(Beginning of Information shown)

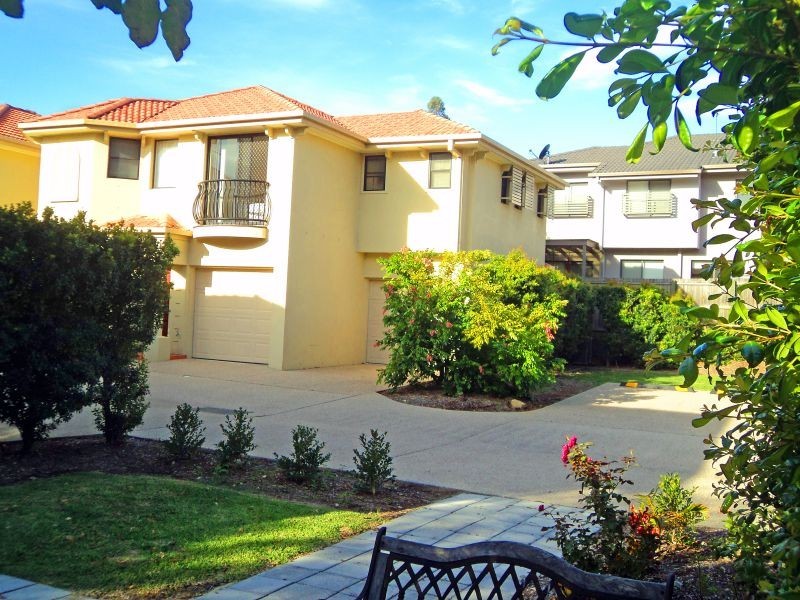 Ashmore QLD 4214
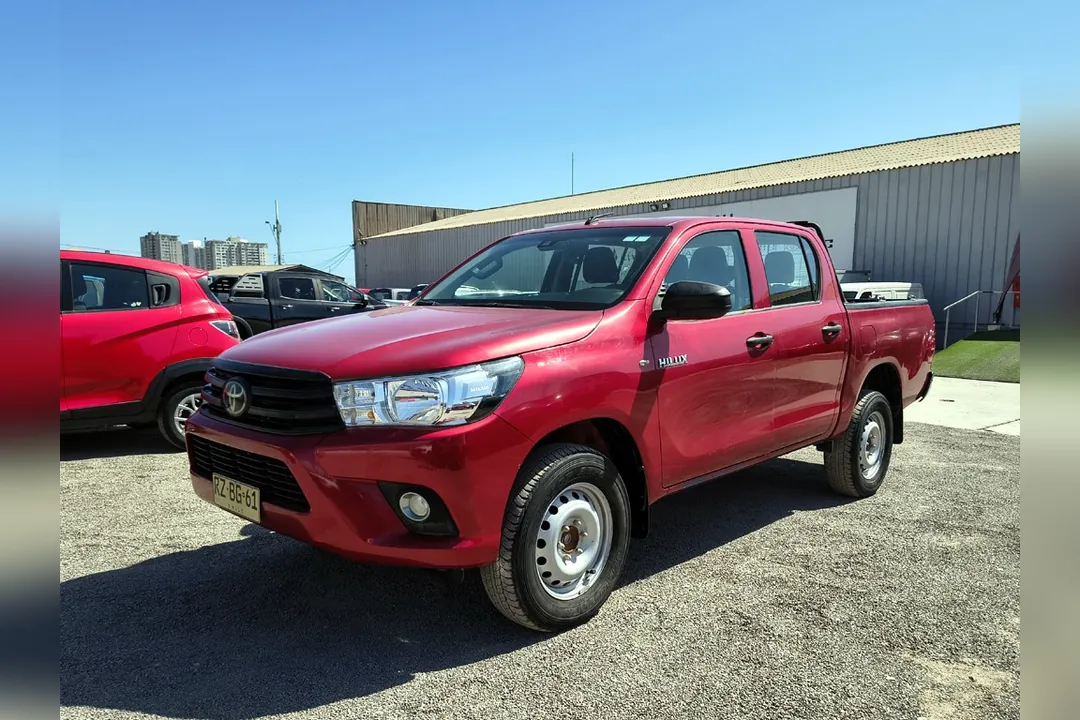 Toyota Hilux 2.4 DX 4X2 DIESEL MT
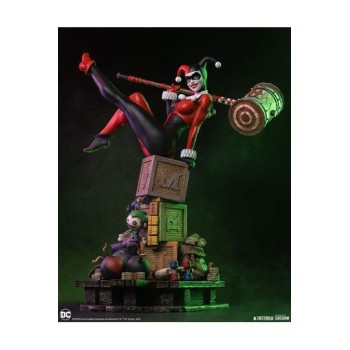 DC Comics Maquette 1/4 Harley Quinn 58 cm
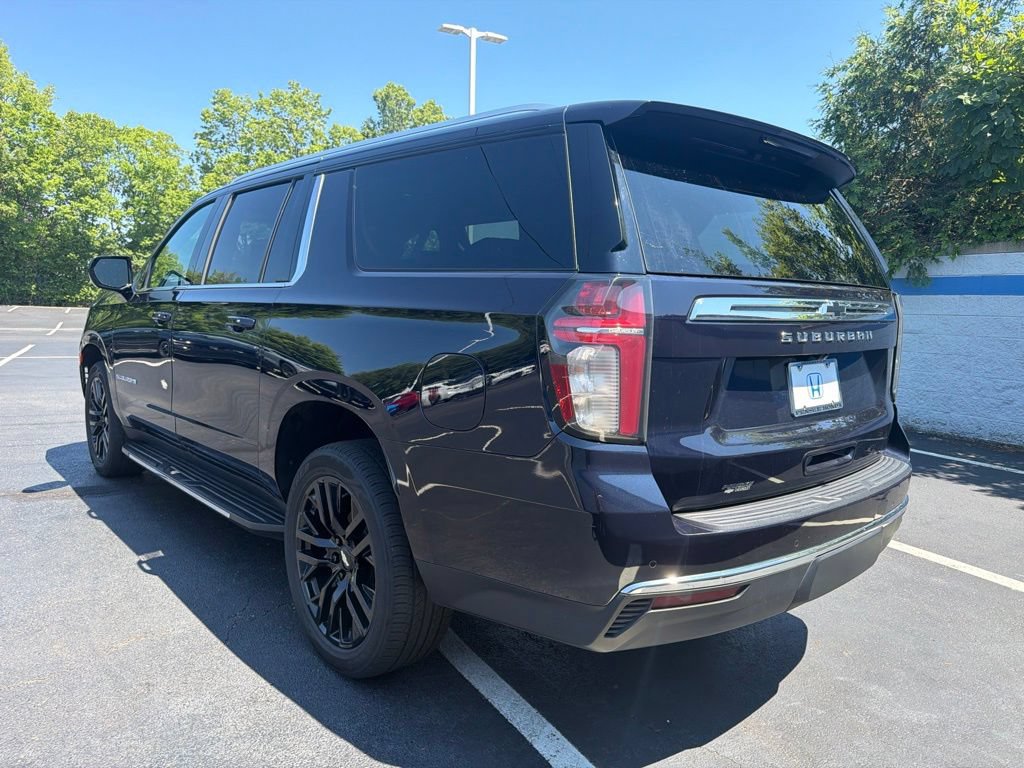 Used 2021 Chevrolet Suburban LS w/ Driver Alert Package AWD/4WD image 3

(End of Information shown)

Task instructions: Every line above should be copied exactly; do not carry over the pictures.

Problem solution:
 Ashmore QLD 4214
 Toyota Hilux 2.4 DX 4X2 DIESEL MT
 DC Comics Maquette 1/4 Harley Quinn 58 cm
 Used 2021 Chevrolet Suburban LS w/ Driver Alert Package AWD/4WD image 3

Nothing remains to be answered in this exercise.